§ TASK OBJECTIVE
Collect every line below that contains the word "from".

(Beginning of RECORDS TO USE)

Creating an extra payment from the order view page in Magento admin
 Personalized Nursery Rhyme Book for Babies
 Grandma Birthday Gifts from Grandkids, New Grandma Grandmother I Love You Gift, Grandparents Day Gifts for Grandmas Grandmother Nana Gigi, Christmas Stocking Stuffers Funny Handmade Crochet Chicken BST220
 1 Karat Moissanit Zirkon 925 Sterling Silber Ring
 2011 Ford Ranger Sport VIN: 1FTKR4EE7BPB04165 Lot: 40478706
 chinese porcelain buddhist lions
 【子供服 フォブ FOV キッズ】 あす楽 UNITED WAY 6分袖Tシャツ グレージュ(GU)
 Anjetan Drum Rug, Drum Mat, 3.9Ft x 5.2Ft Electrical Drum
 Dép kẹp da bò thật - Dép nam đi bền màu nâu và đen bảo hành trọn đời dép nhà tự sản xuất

(End of RECORDS TO USE)

§ WRITTEN ANSWER
Creating an extra payment from the order view page in Magento admin
 Grandma Birthday Gifts from Grandkids, New Grandma Grandmother I Love You Gift, Grandparents Day Gifts for Grandmas Grandmother Nana Gigi, Christmas Stocking Stuffers Funny Handmade Crochet Chicken BST220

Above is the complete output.